Skip to content

Index format

format format

This section documents the txtai index format. Each component is designed to ensure open access to the underlying data in a programmatic and platform independent way

If an underlying library has an index format, that is used. Otherwise, txtai persists content with MessagePack serialization.

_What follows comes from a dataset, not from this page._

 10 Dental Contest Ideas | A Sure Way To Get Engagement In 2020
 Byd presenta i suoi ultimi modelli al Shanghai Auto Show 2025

To learn more about how these components work together, read the Index Guide and Query Guide.

ANN

Approximate Nearest Neighbor (ANN) index configuration for storing vector embeddings.

Component Storage Format
Faiss Local file format provided by library
Hnswlib Local file format provided by library
Annoy Local file format provided by library
NumPy Local NumPy array files via np.save / np.load
Postgres via pgvector Vector tables in a Postgres database

Core

Core embeddings index files.

Component Storage Format
Configuration Embeddings index configuration stored as JSON
Index Ids Embeddings index ids serialized with MessagePack. Only enabled when when content storage (database) is disabled.

Database

Databases store metadata, text and binary content.

Component Storage Format
SQLite Local database files with SQLite
DuckDB Local database files with DuckDB
Postgres Postgres relational database via SQLAlchemy. Supports additional databases via this library.

Graph

Graph nodes and edges for an embeddings index

Component Storage Format
NetworkX Nodes and edges exported to local file serialized with MessagePack
Postgres Nodes and edges stored in a Postgres database. Supports additional databases.

Scoring

Sparse/keyword indexing

Component Storage Format
Local index Metadata serialized with MessagePack. Terms stored in SQLite.
Postgres Text indexed with Postgres Full Text Search (FTS)